> Given data

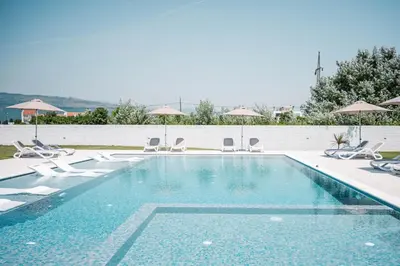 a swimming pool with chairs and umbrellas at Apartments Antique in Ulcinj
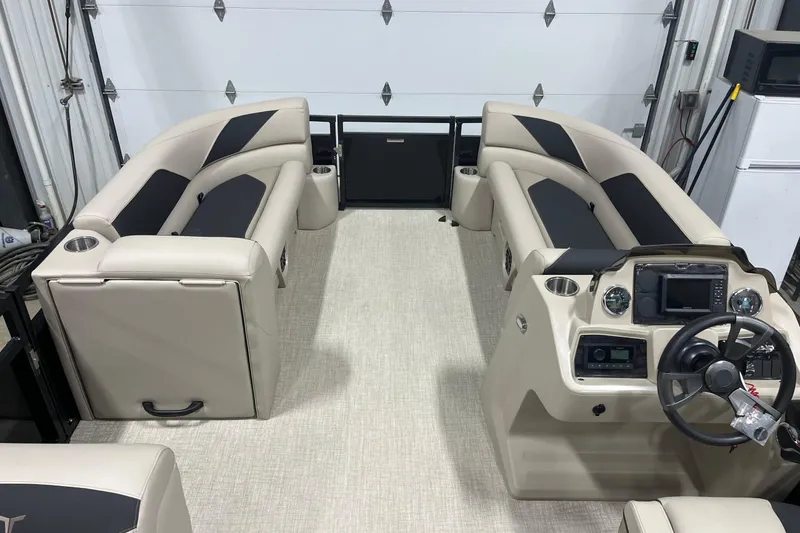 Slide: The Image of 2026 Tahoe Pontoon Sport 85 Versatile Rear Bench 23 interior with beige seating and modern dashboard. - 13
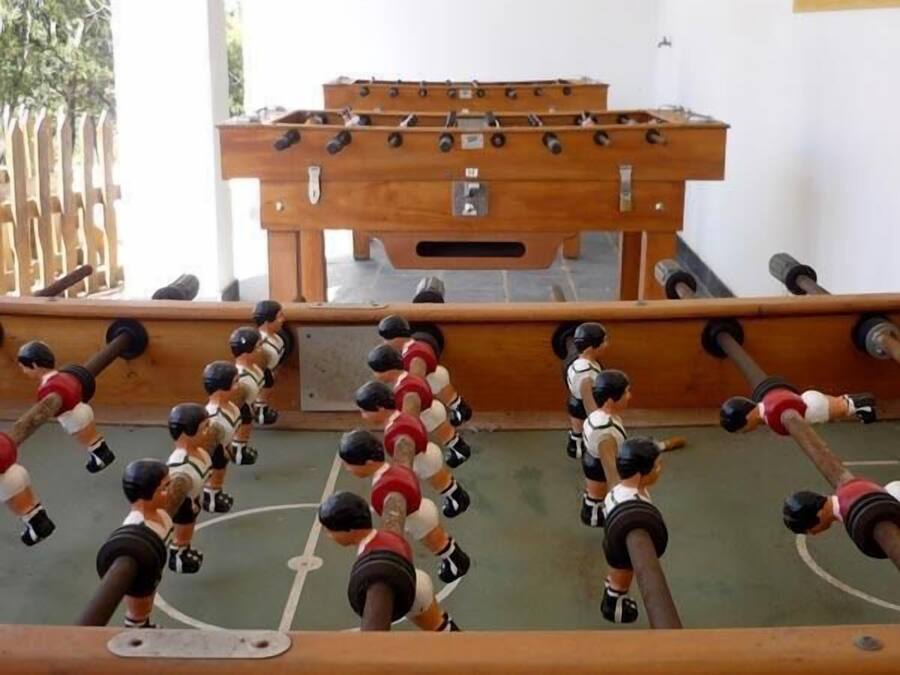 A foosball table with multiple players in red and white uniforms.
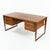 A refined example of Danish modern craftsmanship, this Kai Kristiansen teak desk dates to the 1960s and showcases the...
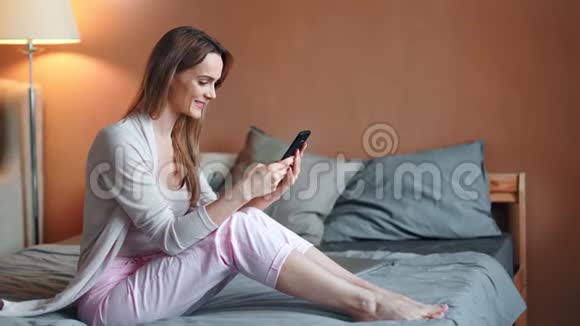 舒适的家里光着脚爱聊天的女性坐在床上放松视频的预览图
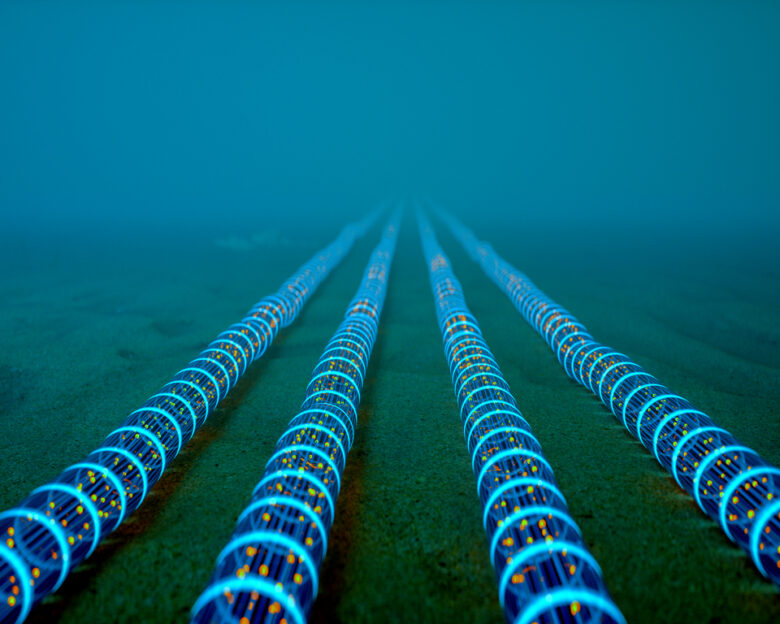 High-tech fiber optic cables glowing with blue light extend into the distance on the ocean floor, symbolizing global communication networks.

> Exercise details
If a record holds a picture, leave the picture out and print everything else exactly.

> Task output
 a swimming pool with chairs and umbrellas at Apartments Antique in Ulcinj
 Slide: The Image of 2026 Tahoe Pontoon Sport 85 Versatile Rear Bench 23 interior with beige seating and modern dashboard. - 13
 A foosball table with multiple players in red and white uniforms.
 A refined example of Danish modern craftsmanship, this Kai Kristiansen teak desk dates to the 1960s and showcases the...
 舒适的家里光着脚爱聊天的女性坐在床上放松视频的预览图
 High-tech fiber optic cables glowing with blue light extend into the distance on the ocean floor, symbolizing global communication networks.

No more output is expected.